Monday, December 10, 2012

We are starting ballads

I am NOT doing vocab until after the break.  We will need the time to write our ballads.

Wednesday, December 12: The first AR test for the MP must be done.
Wednesday, December 19: Ballad is due- typed, illustrated, looking good.
Wednesday, December 19: Read ballad to the class

We will be studying ballads and narrative poems in the days to come.  The students will learn what is expected of them over the next few days.

We will be looking at these and other examples:
     "The Charge of the Light Brigade"
     "Ballad of Birmingham"
     "The Nightmare Before Christmas"

      and some others as needed

As of now, the requirements for the ballad look like this:

    Long enough
    Tells a story
    Consistent rhyme scheme
    Neat and illustrated
    Read your ballad to the class with energy

I am going to have the students shoot for 200 syllables.  Depending on their line length, they should try to divide their story into 8 stanzas of four lines each.  The poem below is one we will read.  It has approximately 234 syllables.  I am having the students use a syllable counting site to make it easy, but they must put their syllable count at the end of each line.

Model piece for this assignment

“Ballad of Birmingham”

(On the bombing of a church in Birmingham, Alabama, 1963)

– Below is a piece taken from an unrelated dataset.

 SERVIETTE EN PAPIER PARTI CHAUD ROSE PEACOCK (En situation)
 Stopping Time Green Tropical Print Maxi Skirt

"Mother dear, may I go downtown                     (8)
Instead of out to play,                                         (6)
And march the streets of Birmingham               (8)
In a Freedom March today?"                             (7)

"No, baby, no, you may not go,
For the dogs are fierce and wild,
And clubs and hoses, guns and jails
Aren't good for a little child."

"But, mother, I won't be alone.
Other children will go with me,
And march the streets of Birmingham
To make our country free."

"No, baby, no, you may not go,
For I fear those guns will fire.
But you may go to church instead
And sing in the children's choir."

She has combed and brushed her night-dark hair,
And bathed rose petal sweet,
And drawn white gloves on her small brown hands,
And white shoes on her feet.

The mother smiled to know that her child
Was in the sacred place,
But that smile was the last smile
To come upon her face.

For when she heard the explosion,
Her eyes grew wet and wild.
She raced through the streets of Birmingham
Calling for her child.

She clawed through bits of glass and brick,
Then lifted out a shoe.
"O, here's the shoe my baby wore,
But, baby, where are you?"

Written by Dudley Randall (1914-2000)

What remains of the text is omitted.